With a domain hack, the idea is to break up a particular domain name to form a new domain name entirely. For example, if you want a website called whatsmyname.com, but it’s already taken, you could change it to whatsmyna.me, with a .me extension.
An extension belonging to a geographically specific region is called Country Code TLD (ccTLD). Most webmasters employ ccTLDs to create interesting domain hacks.
Why Domain Hacks?
Here are some instances when domain hacks can be useful.
Scarcity Of .com TLDs: As mentioned before, the .com extension for the name you want for your website might be unavailable to use. And even if they are available, they’re likely to be expensive. Domain hacks, on the other hand, can work out far cheaper.
Branding: Domain hacks make your website stand out from the crowd and give it a touch of modernity. Domain hacks also excite early adopters and can increase the curiosity of new users, encouraging them to sign up.
Shorter URL: This is generally for bigger brands where they can use shorter URLs to promote their brand on social media websites. For example, Google uses ‘goo.gl‘, a domain they use for their online URL shortening tool.
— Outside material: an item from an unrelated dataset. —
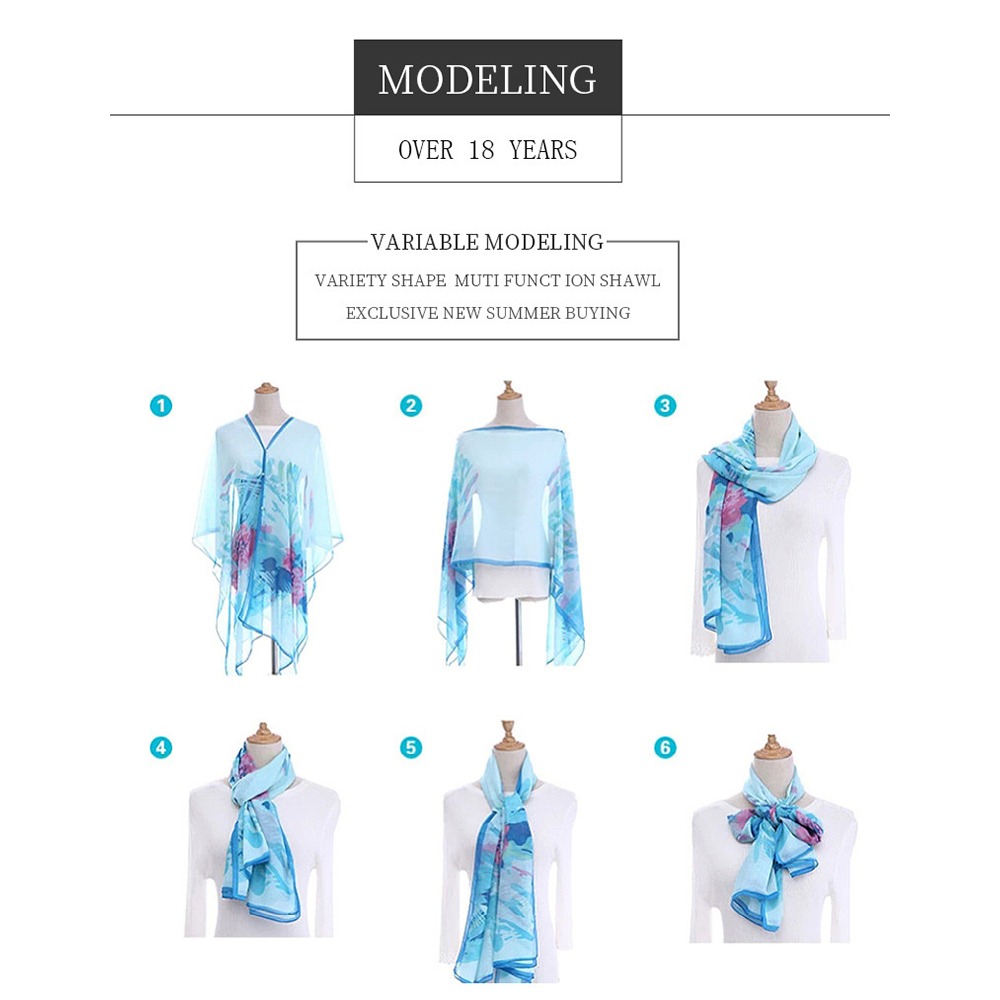 Modny Szal Szalik Jednolity Ko – Cover Up Kaftan recenzja i cena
Google’s URL Shorterning Tool Online Is Aptly Called Goo.gl
Are Domain Hacks Useful?
The usefulness of domain hacks is questionable- it’s a lot like street art. They don’t have any particular significance, but are creative and exciting concepts to behold. Other than these pros, there can be some downsides to domain hacks too.
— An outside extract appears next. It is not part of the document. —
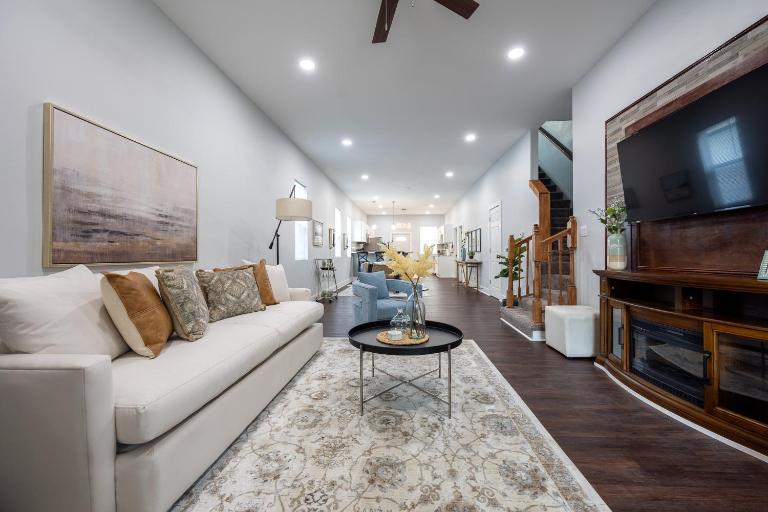Charming Indianapolis Home~5 Min to Lucas Oil - B&B Indianapolis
Not For Primary Domain Names: As domain hacks are not very popular the industry, they aren’t as much recognised. In case your website is whatsmyna.me, there are chances that your customer reflexively types in whatsmyname.com, because of sheer habit.
ccTLDs Are Treated Differently: Google considers only some of these extensions to be truly international because most of them cannot be geo-targeted to a specific location.
Government Regulations: Some foreign governments hold the right to shut certain domains down in case they violate some of their laws, without leaving any alternatives for you as a webmaster. It might be rare, but these possibilities do exist.
Less Clarity: Since the .com extensions are common, using them in spoken language is also a lot easier compared to a shortened URL. Consider chr.is- it is simpler to say chris.com over the phone compared to c-h-r-dot-i-s.
Not Always Cheap: Some domain hacks can be quite heavy on the pockets. The .tt (Trinidad and Tobago) extension costs $600 per three years for foreigners. The .na (Namibia) extension costs are a whopping $7000 a year for foreigners. These tend to depend on the country and can be avoided using a domain hack search tool.
Complex Buying And Renewal Procedures: Some country codes require a fax to be sent for every renewal term. While most domain names can be purchased with a PayPal payment, some of them still use archaic methods. To buy a domain name from Bahamas (.bs) you need to make a wire transfer or hand over the payment in person.
Having said this, it is still true that domain hacks are going beyond these limitations and are becoming popular. Some of them are .us (United States), .co (Columbia), .ly (Libya), .tv (Tuvalu), and .io (Indian Ocean Territory).
A lot more of the gTLDs (Generic TLDs) are going to be launched. You can also have your own TLD if you have $185,000 lying around.
Imagine a TLD with your name!
With domain hacks becoming more and more popular on an unprecedented scale, it is almost narrow-minded to think that .com will always retain its position in the hall of fame.
Domain hacks offer an interesting branding alternative for your website. But it is also important to make sure that you know about all the risks they carry before using them. Also, remember that .com will continue to hold the throne for quite some more time in the future.
Since people tend to prefer ‘.com’ TLDs, most domain name generators show results with ‘.com’ extensions first. ‘.com’ TLDs can be substantial for e-commerce stores. Generators within a software solution such as the Business Name Generator on Shopify prioritises ‘.com’ TLDs because it’s natural for an e-commerce venture to be a company.